Isolated neutrophils (2 × 10⁶) were plated in a 24-well plate and treated with phorbol 12-myristate 13-acetate (PMA) or compounds (wogonin, liquiritin, glycyrrhizic acid or baicalin) for 3 h. After stimulation for 3 h, cell culture supernatants were collected and detected by ELISA kits.

ELISA

Lung tissues were prepared in 1mL PBS using a tissue grinder (SCIENTZ-48, China) at 60 Hz for 90s. Myeloperoxidase (MPO), iNOS, intercellular adhesion molecule 1 (ICAM-1) and SOD in lung homogenates were measured using ELISA kits (YEPCOME, Shanghai, China). The ELISA kits for IL-6, MCP-1, TNF-α, CCL5, and MIP-2 were purchased from R&D Systems (Minneapolis, MN, USA). Assays were conducted according to the manufacturer’s instructions.

Western Blot

Protein concentrations were measured by a BCA protein assay kit (Pierce). Western blots were carried out as previously described.²³ The primary antibodies including phospho-p44/42 MAPK (p-ERK1/2, cat# 4370, CST, USA), p44/42 МАРK (ERK1/2, cat# 4695, CST, USA), NF-κBp65 (cat# 8242, CST, USA), phospho-NF-κBp65 (cat# 3033, CST, USA) or β-Actin (cat# 3700, CST, USA) were incubated overnight at 4°C, followed by the incubation with corresponding secondary antibodies (anti-rabbit IgG, cat# 7074, CST, USA or anti-mouse IgG cat# 7076, CST, USA) for 1 h.

Statistical Analysis

The experimental data were independently analyzed and quantified using Prism GraphPad 8 software. Group comparisons were conducted using one-way analysis of variance (one-way ANOVA) with Bonferroni or Dunnett test according to homogeneity of variance test. The statistical significance was denoted as follows: *p < 0.05; **p < 0.01 or ***p < 0.001. The Student’s t-test was employed for comparison between PR8 + OSV group and PR8 + OSV + SFJBF group. The statistical significance was determined as: #, p < 0.05; ##, p < 0.01 or ###, p < 0.001.

Results

Potential Targets of SFJBF for Treating Influenza

A total of 961 influenza-related targets and 247 SFJBF-related targets were obtained. There were 61 targets that might account for the therapeutic effects of SFJBF against influenza (Figure 1A). According to the PPI network, STAT3, IL-6, TNF, TP53, AKT1, IL1B, ESR1, EGFR, RELA, MAPK1, IFNG, IL-10, CCL2 and BCL2 were key genes regulated by SFJBF (Figure 1B).

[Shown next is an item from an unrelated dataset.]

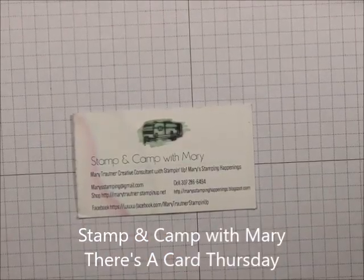Hi everybody, this is Mary for Stampin' Camp with Mary and Mary's Stampin' Happenings, and today is There's a Card Thursday.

Figure 1 Potential targets of SFJBF against influenza virus infection. (A) The venn diagram of targets between active compounds-related targets and influenza-related targets. The overlapping shape represented 61 influenza-related targets regulated by SFJBF. (B) The protein–protein interactions of 61 targets. The darker and larger circles represent the more important targets regulated by SFJBF.

GO and KEGG Enrichment Analysis

A total of 494 BP terms, 39 CC terms and 99 MF terms were obtained using GO enrichment analysis. The top 10 terms were shown in Figure 2. Inflammatory response, positive regulation of nitric oxide biosynthetic process, cytokine activity and protein kinase activity were key process regulated by SFJBF. Results indicated that SFJBF probably could inhibit influenza virus-induced overactivated inflammatory response.

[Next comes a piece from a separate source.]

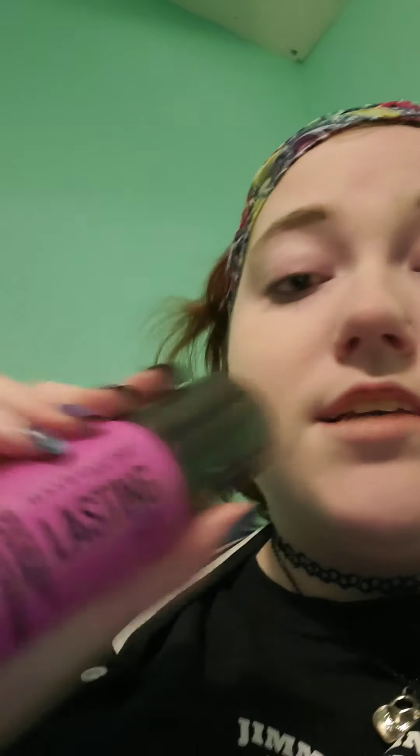Then you're gonna want to take any finishing spray. I use Maybelline New York Lasting Fix, and you're gonna want to spray it. Wait for it to dry — mine's gonna take a hot minute so I'm just gonna go like this and help along the process.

Figure 2 Top 10 GO terms regulated by SFJBF.

A total of 149 terms were obtained by KEGG signaling pathway analysis. The top 20 terms were shown in Figure 3. TNF signaling pathway, PI3K-Akt signaling pathway and MAPK signaling pathway are key signaling pathways among them. These signaling pathways are associated with influenza virus-induced overactivated inflammatory response and are in accordance with the BP terms mentioned above. These results indicated that SFJBF regulated influenza virus-induced inflammatory response.

Figure 3 Top 20 signaling pathways regulated by SFJBF.

Targets–Active Ingredients Network

A total of 142 active components and 61 influenza-related targets were employed to construct targets–active ingredients network (Figure 4). Results showed that 9 key active components, including quercetin, beta-sitosterol, kaempferol, stigmasterol, isorhamnetin, luteolin, wogonin, 7-methoxy-2-methyl isoflavone and naringenin, were identified with a degree value exceeding 35. These active components probably formed the foundational materials for therapeutic effects of SFJBF in the treatment of influenza.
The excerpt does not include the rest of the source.